Estar dentro desse jogo já não é mais uma opção. É uma necessidade. “Ou você adere, ou está fora”, é o que alerta o professor Lucídio Bianchetti, da Universidade Federal de santa Catarina – UFSC, um dos palestrantes do seminário realizado no Paraná.

Uma das estratégias de legitimação deste processo, por exemplo, é o modelo de avaliação pelos pares da Coordenação de Aperfeiçoamento de Pessoal de Nível Superior (Capes), o qual gera um complexo de identidade, que dificulta a resistência e naturaliza o produtivismo na academia.
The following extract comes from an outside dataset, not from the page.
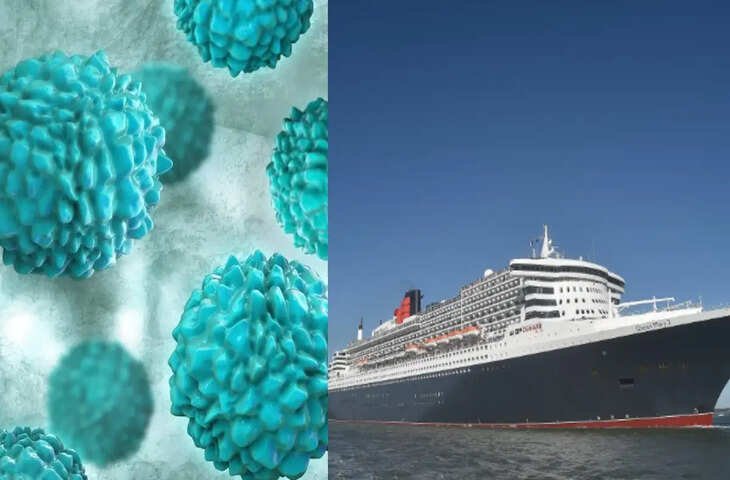 Cruise Ship Virus Outbreak: नोरोवायरस ने मचाई दहशत, 115 लोग अचानक बीमार पड़ने से हड़कंप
Além disso, esse procedimento reforça a competitividade interna e ainda legitima a máxima “Universidade boa é aquela que apresenta resultados”.
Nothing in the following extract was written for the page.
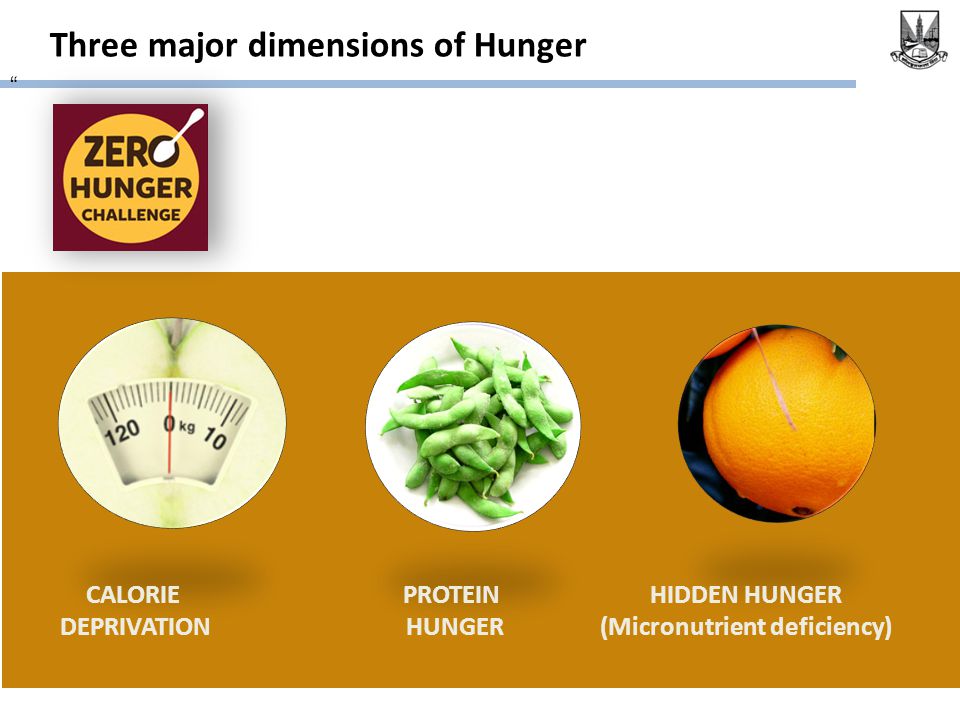 Three major dimensions of Hunger CALORIE DEPRIVATION PROTEIN HUNGER HIDDEN HUNGER (Micronutrient deficiency)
Segundo Bianchetti, as agências de fomento, ao entrarem na academia para avaliar seu desempenho, ignoram a da autonomia universitária, abrindo espaço à “heteronomia”. Para ele, a avaliação, contaminada pelo financiamento, deixa de ser formativa e passa a ser classificatória e ‘rankeadora’.

“Não somos contra a avaliação, mas sim, contra esse modelo de avaliação que prioriza a quantidade e não a qualidade de artigos publicados, que trouxe o conceito empresarial de produtividade para dentro da universidade, ao qual a liberação dos recursos está subordinada. Isso faz com que o sentido da educação deixe de existir”, ressalta.

O professor da USP/Leste, Luiz Menna Barreto, também conferencista do seminário pré 56° Conad, corrobora a visão de Bianchetti. Para ele, o problema está em quem avalia e com quais critérios isso é feito.

“Acho impossível pensar numa instituição pública que não seja avaliada. Mas a ilusão da avaliação por pares no modelo da Capes, CNPq, FAPESP, entre outros, acaba criando conflitos. É preciso pensar em outros modelos além do mercado, como por exemplo num índice de impacto social. Pois a universidade precisa prestar contas à sociedade que a custeia”, destaca o docente da USP.

Linha de montagem

O professor da USP/Leste alerta que é preciso lutar contra a ideia de que a privatização da universidade se faz necessária para acompanhar a modernidade. “Instalam-se verdadeiras linhas de montagem de projetos prontos”, condena.

Nesse sentido, Bianchetti ressalta que a resistência da universidade a incorporar a lógica do mercado já não é mais tão forte. “estamos caminhando para um acoplamento. A universidade que era mais defensiva em relação à presença das exigências do mercado, também está tendo que se permeabilizar a estas exigências ara se manter”, diz o docente.

Com a centralização da matriz orçamentária, a partir da reforma do Estado organizada por Bresser Pereira e Fernando Henrique Cardoso, começou a ocorrer uma distribuição de recursos entre ministérios e dentro dos ministérios; entre universidades e dentro das próprias universidades. “É aí que os institutos aparecem para dizer ‘um tanto vai para lá e outro tanto para cá’ e é nesse um tanto que começa aparecer um duto maior para áreas que estão mais próximas aos interesses do mercado, um duto mediano para as medianas e um menor para as que menos se adéquam”, avalia.